L’enjeu de l’Uttar Pradesh dans les élections indiennes est tel que le premier ministre, Narendra Modi, y brigue un siège – à Bénarès, haut lieu de l’hindouisme. Deux autres circonscriptions de l’Etat sont convoitées par Rahul Gandhi, le président du Parti du Congrès, le premier parti national d’opposition, et sa mère, Sonia Gandhi – ni le BSP ni le SP n’y ont présenté de candidats contre le Congrès, leur partenaire naturel en cas de coalition. C’est enfin aussi en Uttar Pradesh qu’a fait campagne, au nom du Congrès, la petite dernière de la famille Gandhi, Priyanka, dont la ressemblance physique avec l’ex-première ministre Indira Gandhi, sa grand-mère, fascine les Indiens.
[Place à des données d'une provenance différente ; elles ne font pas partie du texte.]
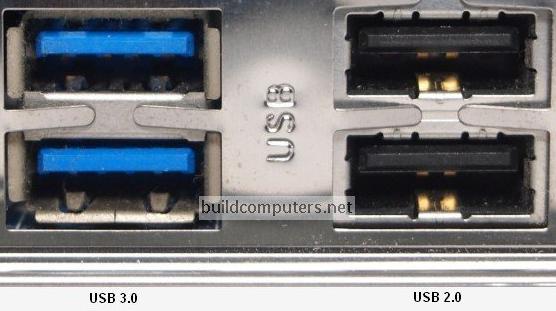 USB插头转换器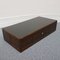 Art Deco Coffee Table by Betty Joel, 1930s, Image 11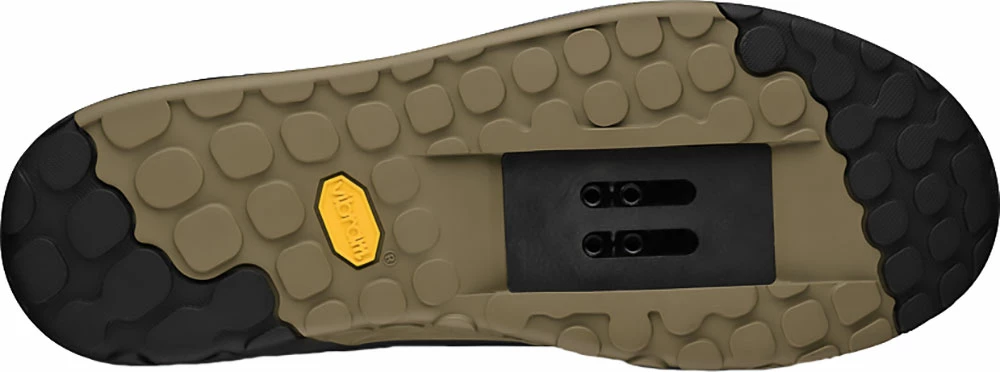 Fizik Gravita Versor - MTB Shoes 6 Fizik Gravita Versor - MTB Shoes – Image 4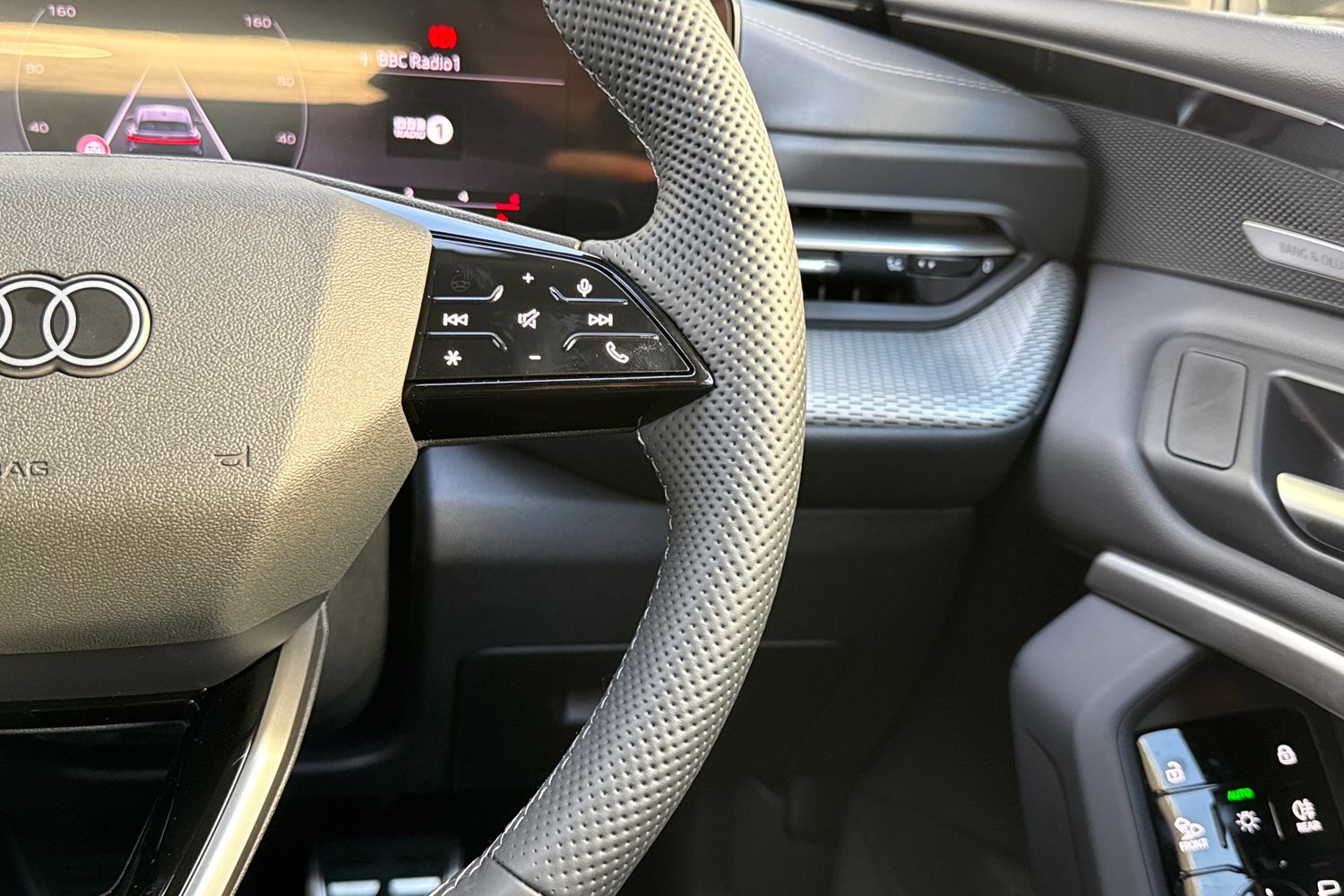 Used Audi Q5 2025 for sale - 76353086: Photo 33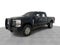 2023 Ford F-250 Base
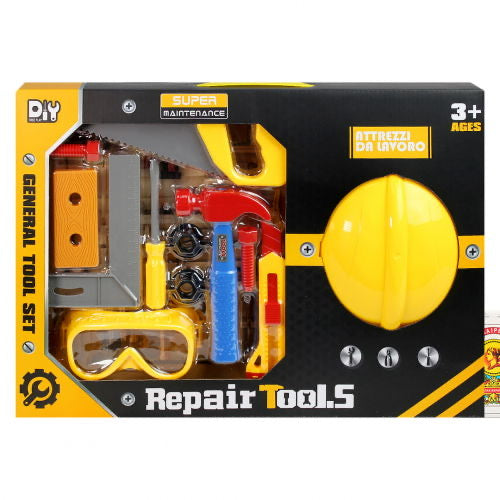 Repair tools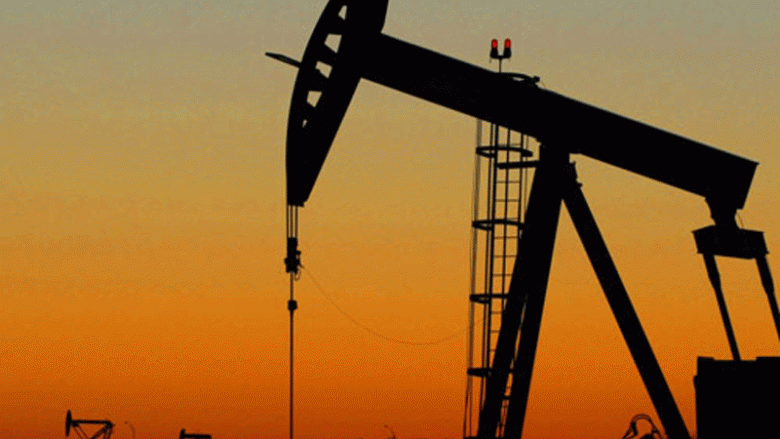 FMN mirëpret planin e Arabisë për naftën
Malgré les attaques du parti de Narendra Modi, l’alliance formelle entre les deux partis rivaux de l’Uttar Pradesh semble résister. Mayawati a expliqué, dimanche 5 mai, lors d’un rassemblement du BSP dans son fief d’Ambedkar Nagar, qu’elle y briguerait un siège lors de partielles après le scrutin « si tout va bien » – entendre, si une coalition anti-Modi l’emporte. Le chef du SP, Akhilesh Yadav, s’est, lui, déclaré convaincu « que l’alliance BSP-SP donnera au pays son prochain premier ministre ». Ajoutant : « Je serais ravi qu’il soit issu de l’autre moitié de la population » – c’est-à-dire les femmes.
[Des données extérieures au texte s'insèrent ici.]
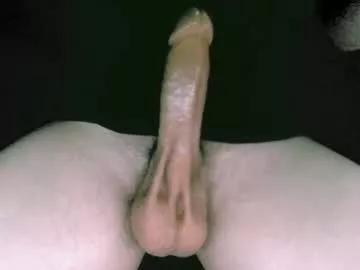 willcox10301 from Chaturbate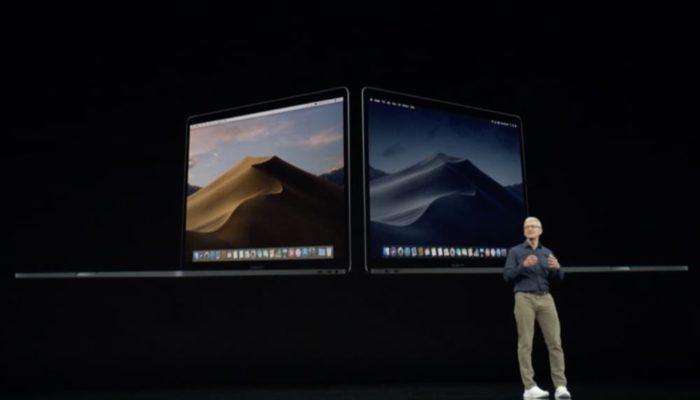 Gather-Round-Tim-Cook-macBook-Pro-Mojave-700x400.jpg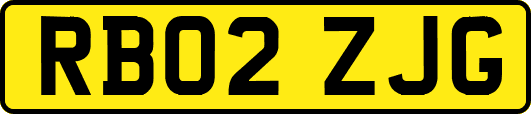 RB02ZJG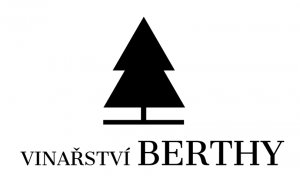 Vinařství BERTHY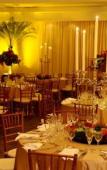Туры в отель Intercontinental Hotel Sao Paulo Туры в отель Intercontinental Hotel Sao Paulo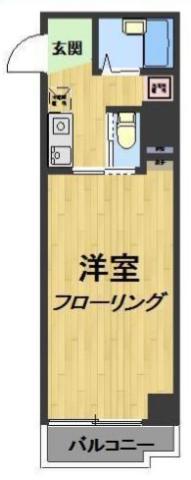 画像01l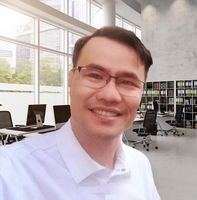 Phạm Văn Hưng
Les diamants de la « reine des intouchables »
Tous deux espèrent capitaliser sur la déception d’une partie des électeurs issus des classes défavorisées vis-à-vis du BJP. En 2018, des dalits de l’Inde entière sont descendus dans la rue, après que la Cour suprême a cherché à restreindre la portée des lois de « prévention des atrocités », censée permettre, depuis les années 1990, aux personnes issues de basses castes d’attaquer en justice ceux qui les discriminent, au prétexte qu’elles auraient donné lieu à des abus. Devant ce tollé, le gouvernement Modi, considéré comme favorable à cette décision, a dû s’y opposer. « Quand Mayawati dirigeait l’Uttar Pradesh, tout le monde dans le système faisait plus attention à ce que les lois soient appliquées. Nombre de personnes des basses castes estiment aujourd’hui que le système de domination des hautes castes est de retour. Et puis, ils se disent que, même si le BJP prétend soutenir le système des quotas de basses castes, son but ultime est peut-être bien de le démanteler », explique Sandeep Pandey, une figure du militantisme de terrain en Inde.
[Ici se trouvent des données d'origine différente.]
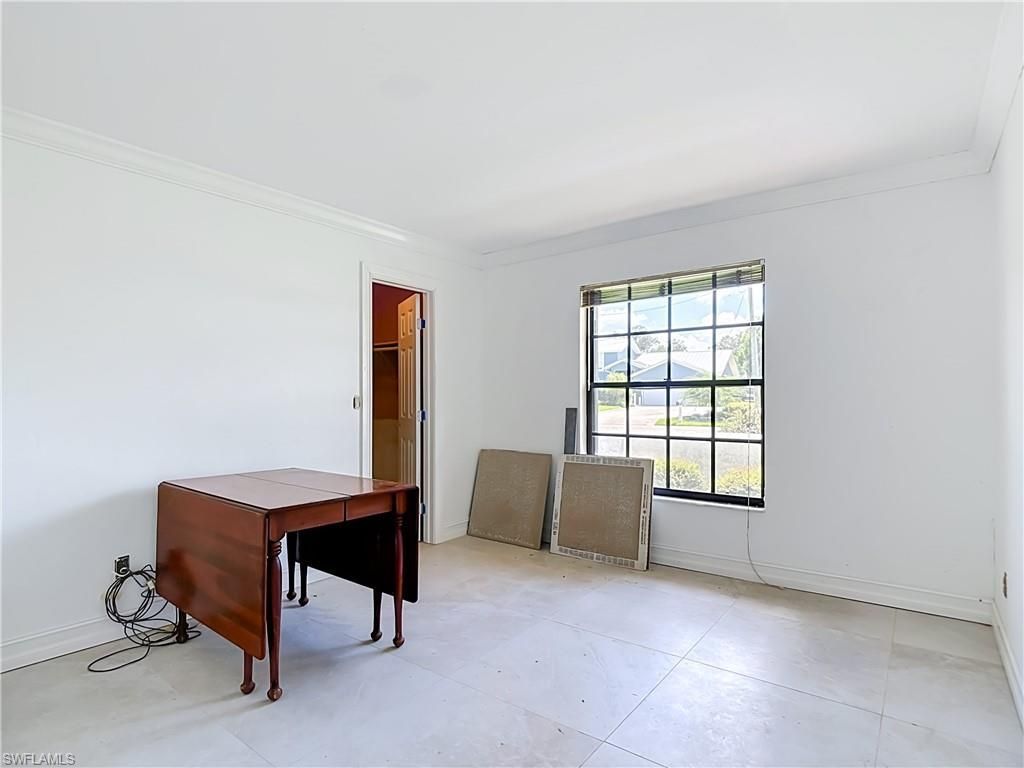 1864 Marina Cir, North Fort Myers, FL 33903 Photo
Mais la « reine des intouchables » a aussi vu, ces dernières années, son image écornée par son train de vie : « Les dalits applaudissent quand ils la voient porter des diamants. Mais le reste de la population est horrifié », explique un avocat de confession musulmane. Quant au parc aux 124 éléphants, il est ouvertement critiqué pour avoir englouti des milliards de roupies – que d’aucuns auraient préféré voir allouées à l’éducation des basses castes ou au développement des zones rurales.